Regulatory Exclusivity is a form of Intellectual Property (IP) protection available for pharmaceutical compounds, which is provided by numerous jurisdictions across the globe. Recently, we published an article considering the types of Regulatory Exclusivity available for newly developed pharmaceutical compounds (see IP Rights in the Pharmaceutical sector: Not exclusively the domain of patents). The focus of this article will be on an additional form of Exclusivity which exists, that applicable for Orphan Diseases.
What is an Orphan Disease?
The term Orphan Disease can be considered synonymous to that of a “Rare Disease”. In practice this refers to a disease where the number of people affected comprises only a small proportion of the overall population. What constitutes an Orphan Disease varies jurisdictionally, with some jurisdictions applying a definition based on a fixed ratio of the population, while others apply a definition based on the overall number affected within the population. This can result in some diseases being designated Orphan within certain jurisdictions, while not being considered as such in others.
A result of this low population prevalence, as well as the high cost of developing new pharmaceuticals, is that pharmaceutical companies have historically invested fewer resources to discovering treatment options for Orphan Diseases. To compensate for the perceived economic “unattractiveness”, some jurisdictional authorities offer incentives to induce research into Orphan Disease treatments. One such incentive is providing additional Exclusivity term for pharmaceutical compounds which receive approval to treat Orphan Diseases. This is known as Orphan Exclusivity.
What is Orphan Exclusivity?
In our previous article we discussed the types of Regulatory Exclusivity applicable for newly approved pharmaceutical compounds. Orphan Exclusivity relies on a similar set of principles, and can be considered functionally similar to that of Market Exclusivity. Several facets unique to Orphan Exclusivity are noted below:
- Orphan Exclusivity prevents others from marketing the compound in question for that approved Orphan Disease. What constitutes the “compound” can differ based on the jurisdiction, with some jurisdictions only permitting minor variations (e.g., different salts, esters or glycosylation patterns) while other jurisdictions permit “similar” entities (products which many not share all the same molecular structural features but act via the same mechanism for treating the same Orphan Disease). This contrasts the overall protection for the compound “as a whole” provided by Regulatory Exclusivity applicable to newly approved pharmaceutical compounds.

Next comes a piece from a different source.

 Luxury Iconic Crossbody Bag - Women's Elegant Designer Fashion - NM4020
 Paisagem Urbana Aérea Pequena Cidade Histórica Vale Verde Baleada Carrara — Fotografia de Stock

- The initiation of the Orphan Exclusivity term begins at the regulatory approval date for the treatment of that Orphan Disease. This however, does not have to be the same date as the first approved use of the compound. In many instances treatment for the Orphan Disease is approved years later, following subsequent clinical studies.
- The term provided by Orphan Exclusivity is independent of other Exclusivities, existing or expired, the compound may be subject to.
- A compound can have numerous Orphan Disease approvals, each of which will have their own independent Orphan Exclusivity term running concurrently.
- It is possible to have an Orphan Exclusivity term exceed the duration of the Regulatory Exclusivity term provided when the compound was first approved.
A list of provisions available in selected jurisdictions can be found in the table below:
Orphan Exclusivity provisions
|No Orphan Exclusivity provisions currently exist.
|Europe (European Medicines Agency)
|10 years Orphan Exclusivity from initial approval of that Orphan Disease indication.
10 years Post Marketing Surveillance (PMS) from initial approval of that Orphan Disease indication. *Japan’s PMS provisions are functionally similar to Regulatory Exclusivity provided in other jurisdictions.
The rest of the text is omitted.